Carl Edvard Sonne (1 December 1804 – 3 January 1878) was a Danish printmaker. His work consisted exclusively of reproductions of works by other artists, especially genre paintings, which reached a large audience through Kunstforeningen. He was the brother of painter Jørgen Sonne.

Life

Early life and education

Sonne was born on 1 December 1804 in  Birkerød, the son of printmaker  Jeppe Jørgen Sonne (1771–1833) and Else Cathrine Zimmer (1771–1851). He trained as a printmaker under his father and at the Royal Danish Academy of Fine Arts in 1819–28. He was also trained in drawing privately under J. L. Lund.

In 1826 and 1828 he published 18 reproductions of works by mostly contemporary artists such as Herman Wilhelm Bissen, Ditlev Blunck, Albert Küchler, Martinus Rørbye and others.

Italy, 1828–1847
In 1828, prompted by J. F. Clemens' high age and poor health, Sonne travelled to Parma to continue his training under Paolo Toschi.

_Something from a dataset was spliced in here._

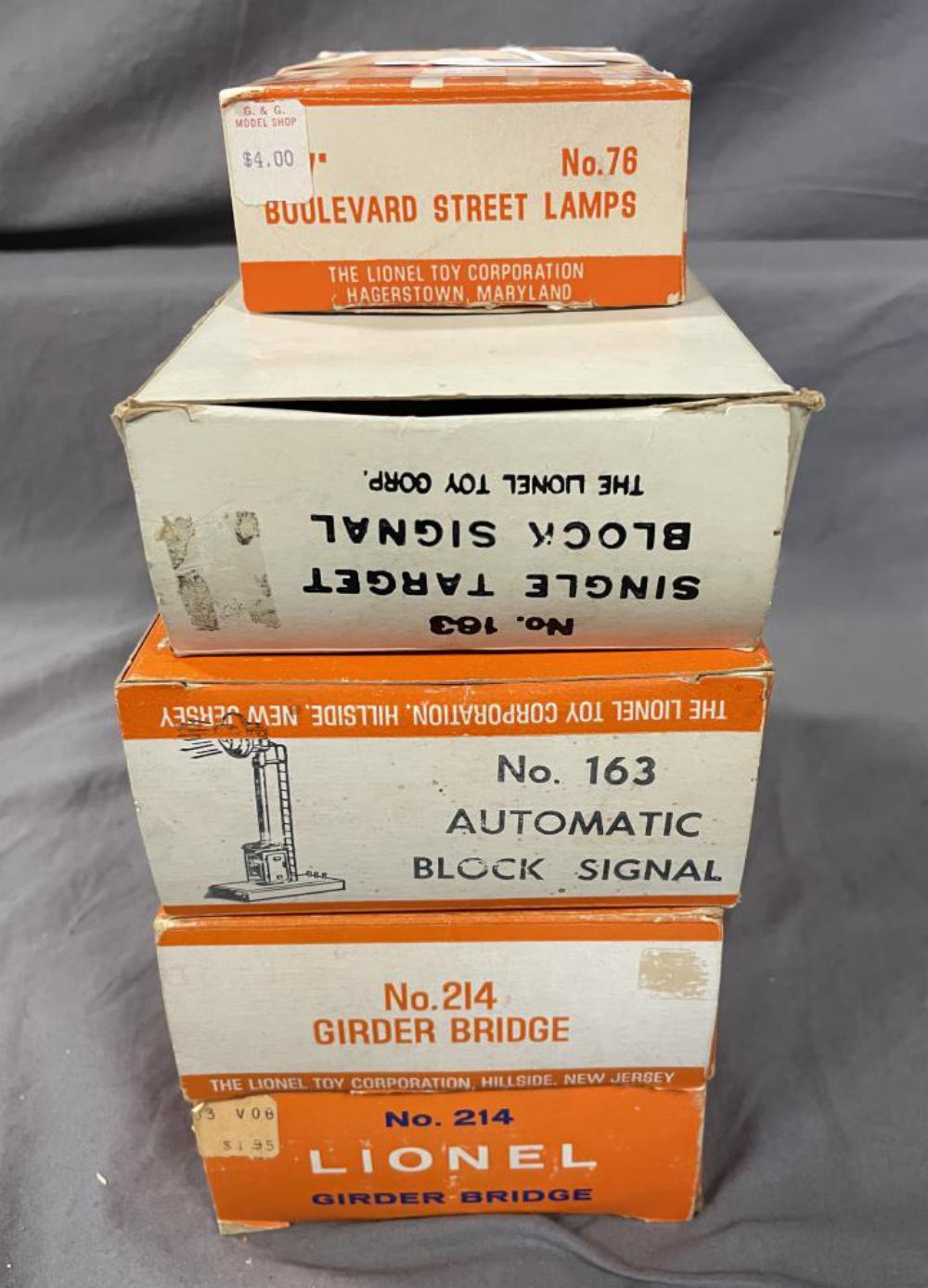 5 LN Boxed Lionel Accessories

He ended up spending the next 20 years in Italy, working at leading graphic workshops in both Parma and Turin.

Career in Denmark
On his return to Copenhagen in 1847, Sonne was made an associated member of the art academy but was not accepted as a real member until 1858. He exhibited his works at Charlottenborg in 1826–76.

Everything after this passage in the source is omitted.